The team was hosted by members of the Rotary Club of Madison West Towne-Middleton and St. Thomas Aquinas Parish. In all, more than 30 people participated in hosting, transporting, and otherwise caring for this unique cultural and educational experience. This year four themes were developed that organizers felt would be beneficial. They were child care models, educational models, health care and agriculture. Some of the places visited included Considine farm, St. Ambrose Academy, Edgewood Campus School, Boys and Girls Club, Goodwill Industries, Big Brothers/Big Sisters, Hospice, UW Children’s Hospital, Schoenstatt Sisters Convent and Motherhouse, Olbrich Gardens, the Capitol, Farmers Market and more.
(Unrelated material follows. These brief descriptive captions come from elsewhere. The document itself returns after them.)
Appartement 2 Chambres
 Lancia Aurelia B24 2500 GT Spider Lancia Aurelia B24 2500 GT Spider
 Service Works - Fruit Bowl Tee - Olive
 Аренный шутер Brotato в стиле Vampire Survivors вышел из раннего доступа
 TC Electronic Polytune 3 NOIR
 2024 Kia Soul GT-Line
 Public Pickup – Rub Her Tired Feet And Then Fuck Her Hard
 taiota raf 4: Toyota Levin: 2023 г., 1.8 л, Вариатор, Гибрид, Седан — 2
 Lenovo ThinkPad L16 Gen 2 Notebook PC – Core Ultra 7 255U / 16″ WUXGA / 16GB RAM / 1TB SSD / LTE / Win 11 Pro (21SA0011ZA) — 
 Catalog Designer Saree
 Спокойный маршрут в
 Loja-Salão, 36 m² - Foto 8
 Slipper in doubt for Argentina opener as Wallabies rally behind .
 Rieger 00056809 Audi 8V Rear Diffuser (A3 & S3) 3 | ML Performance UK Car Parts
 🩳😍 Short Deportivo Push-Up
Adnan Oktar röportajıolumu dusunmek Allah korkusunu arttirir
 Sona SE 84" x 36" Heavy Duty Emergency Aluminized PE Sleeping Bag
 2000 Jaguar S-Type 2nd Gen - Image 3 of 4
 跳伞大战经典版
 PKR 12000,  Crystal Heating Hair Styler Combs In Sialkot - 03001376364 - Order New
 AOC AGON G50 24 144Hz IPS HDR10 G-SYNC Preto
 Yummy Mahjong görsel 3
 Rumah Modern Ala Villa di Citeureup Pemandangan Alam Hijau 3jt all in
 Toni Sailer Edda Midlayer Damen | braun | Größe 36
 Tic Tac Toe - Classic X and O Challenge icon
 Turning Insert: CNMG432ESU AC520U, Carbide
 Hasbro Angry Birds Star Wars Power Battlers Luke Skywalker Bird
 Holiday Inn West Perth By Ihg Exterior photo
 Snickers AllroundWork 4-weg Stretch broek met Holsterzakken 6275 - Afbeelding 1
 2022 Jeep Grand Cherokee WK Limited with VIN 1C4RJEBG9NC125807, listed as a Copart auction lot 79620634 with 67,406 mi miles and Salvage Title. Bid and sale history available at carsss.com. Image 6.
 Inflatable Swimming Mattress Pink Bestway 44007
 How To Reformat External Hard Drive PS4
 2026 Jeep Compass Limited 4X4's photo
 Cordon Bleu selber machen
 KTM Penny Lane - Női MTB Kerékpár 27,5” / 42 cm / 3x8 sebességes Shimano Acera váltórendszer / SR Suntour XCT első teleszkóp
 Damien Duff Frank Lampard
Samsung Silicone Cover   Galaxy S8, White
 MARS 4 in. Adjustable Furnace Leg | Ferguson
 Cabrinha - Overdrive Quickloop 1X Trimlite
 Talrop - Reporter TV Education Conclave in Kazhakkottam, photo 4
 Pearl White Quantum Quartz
In addition, several Rotarians and parishioners hosted the visitors for meals, with others providing housing.
The biggest challenge for all of those involved was learning that the Sisters spoke very little English. Rotarians, who had visited Mgolole last fall, were confident we had an English speaker in Sister Mamertha. What no one expected was the arrival of a different Sister Mamertha than the one known to our team. With a bit of scrambling, Mooseheart was able to find a Swahili speaker on their campus. We found six Swahili speakers in Madison, thanks to the African Studies Department at the University of Wisconsin, Edgewood College and a St. Thomas parishioner that knew someone. As a result, the experience was a good one for all concerned, and we found new friends in the very delightful people that served as our translators. When it was learned that Mooseheart’s training budget was being depleted by the need to get a substitute family teacher for the Swahili speaker, St. Thomas Aquinas graciously offered to pay the $1000 in additional expenses incurred by Mooseheart, while also spending another $450 in stipends for translators and other expenses.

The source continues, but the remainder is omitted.